So we've now got the jurisdictional issue before us and it's our position in relation to that, or it will be our position in relation to that - and this is purely just some opening observations for me to make in this matter - but by virtue of the principle of estoppel, and one particular branch of estoppel, we say that the applicant in relation to this application is prevented from proceeding with it due to him being party to, firstly, an agreement to resign and an actual resignation effected by him on the 11th of August 2005 and him being party to a deed of settlement and release in relation to a workers compensation claim and that deed was dated also the 11th of August 2005…

Now the other aspect as we've touched upon which is in contention in these proceedings will relate to whether the original resignation of the 11th of August 2005 constituted a valid resignation or - - or was a resignation that could be properly effected because of this notion of it being - - this apparent notion of it being conditional upon the deed - that is the deed of settlement and release - being approved or registered by - - by WorkCover. And the position that we take in relation to that matter that at no - - at no point in the conciliation process that led to the settlement and the conciliation process being part of the workers comp compensation dispute resolution process, during no part of that was there even an agreement between the parties that resignation was to be conditional in the way in which the document seems to suggest.” (Emphasis added)

24 Accordingly, in opening, the respondent’s agent said, without demur by the appellant’s agent at that time or any time thereafter, that the validity of the resignation was in issue at the hearing.

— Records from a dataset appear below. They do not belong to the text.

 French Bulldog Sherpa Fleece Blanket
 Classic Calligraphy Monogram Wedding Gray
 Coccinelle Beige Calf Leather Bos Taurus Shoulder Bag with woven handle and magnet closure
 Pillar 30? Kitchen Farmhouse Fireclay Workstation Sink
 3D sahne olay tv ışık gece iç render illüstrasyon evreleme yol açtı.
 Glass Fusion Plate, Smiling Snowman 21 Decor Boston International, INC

25 Additionally, throughout the hearing on 3 February 2006 there were numerous references made to the appellant’s resignation on 11 August 2005 and the nature and scope of the jurisdictional hearing. Examples will now be set out.

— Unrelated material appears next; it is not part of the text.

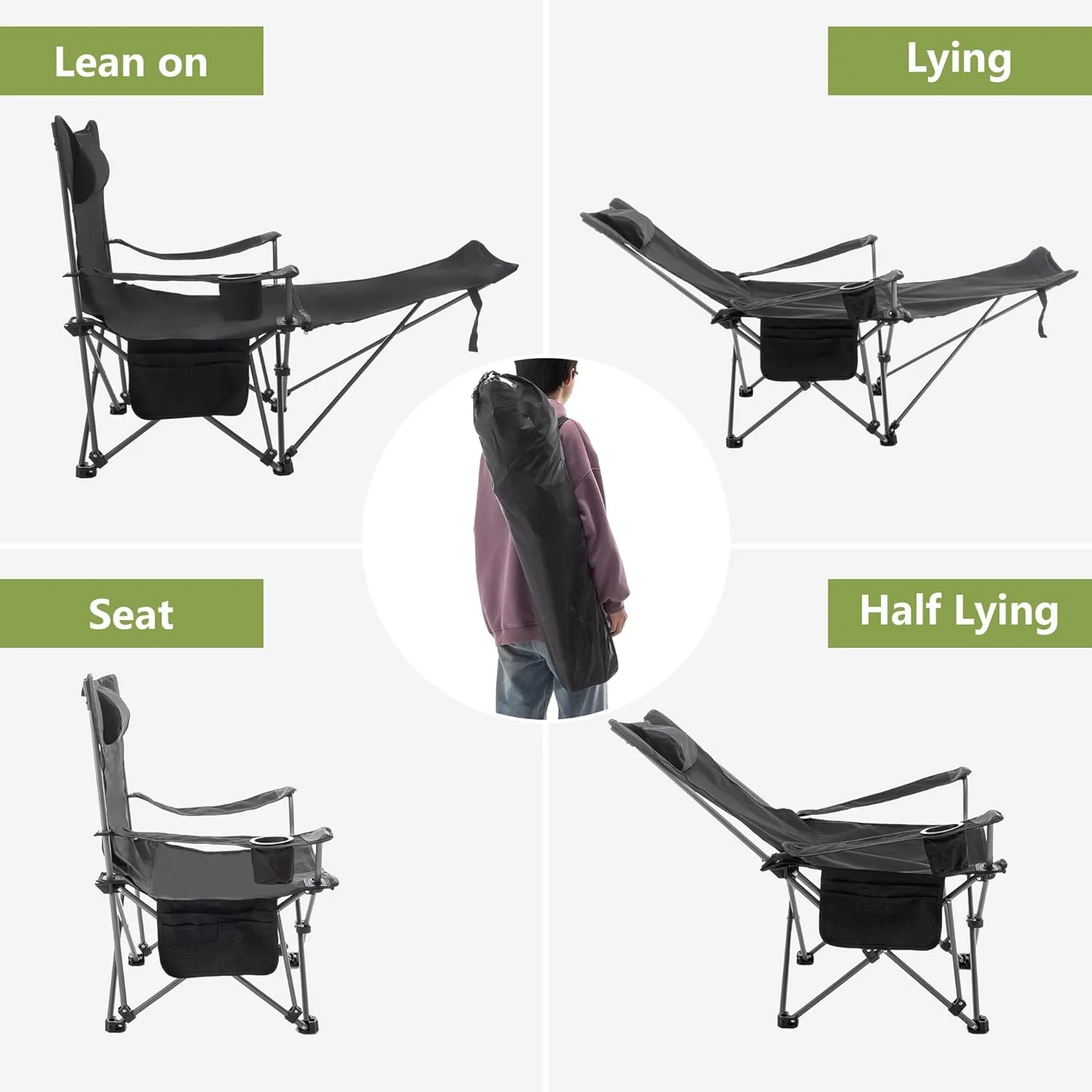 Andeworld Reclining Camping Chair Set of 2 with Removable Footrest,Portable Adjustable Folding Camping Lounge Chair with Headrest Cup Holder Storage Bag for Fishing,Camp,Picnics,Beach,Lawn,Black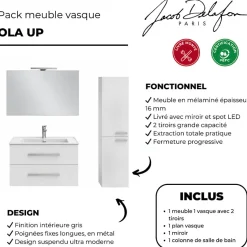 Jacob Delafon Pack meuble vasque 80 cm Ola up blanc + colonne + miroir + spot* Ensemble Meuble De Salle De Bains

26 In the examination-in-chief of Ms Courthope at T15-20 there was evidence given about the appellant’s intention to resign as part of the settlement of the workers’ compensation claim, the creation of the deed and the fact of the notice of resignation by letter dated 11 August 2005 being signed by the appellant. Ms Courthope said she was told by a case manager that the appellant had sent the signed deed and resignation letter. The letter was admitted into evidence as an exhibit. (T21). The letter was read by Ms Courthope. The letter said: “In accordance with your request, I hereby tender my resignation effective the date of approval of a Deed of Release signed by me this day by Workcover”.

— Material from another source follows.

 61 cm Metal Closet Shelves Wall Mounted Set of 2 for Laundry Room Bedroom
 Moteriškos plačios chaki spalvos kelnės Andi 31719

27 During the evidence of Mr Lombardi the Commissioner said to the respondent’s agent that the “matter today is confined to the jurisdictional issue”. (T32).
28 In his evidence at T37-39, Mr Lombardi spoke of the appellant’s intention and agreement to resign. He agreed with a leading proposition by his agent, which was not objected to, that: “But was the resignation part of that overall settlement?” (T38). The first resignation letter was looked at by Mr Lombardi and he agreed with another unobjected to leading question which was whether he treated “this as being a genuine, bona fide resignation”. (T40). He also said however that at the WorkCover conciliation conference the only condition of resignation was “that the money changed hands, the deed was binding and that was it.” After payment of the money and receipt of the letter and deed he thought matters were complete. He answered “none whatsoever” to a question of whether he expected “further relationships” with the appellant.
29 A little later Mr Lombardi said he received a second letter of resignation dated 3 October 2005 which he looked at, did not know what to make of and just asked his secretary to file. (T41). There was then discussion between the Commissioner and both agents about whether this letter of resignation would be tendered as an exhibit. There was reference in this discussion, by the appellant’s agent, to the limits of the “jurisdictional point”, but the Commissioner then interjected and said that he did not have to explain that to her but she might find it helpful if she saw the letter. The letter was then tendered as exhibit 6. (T43).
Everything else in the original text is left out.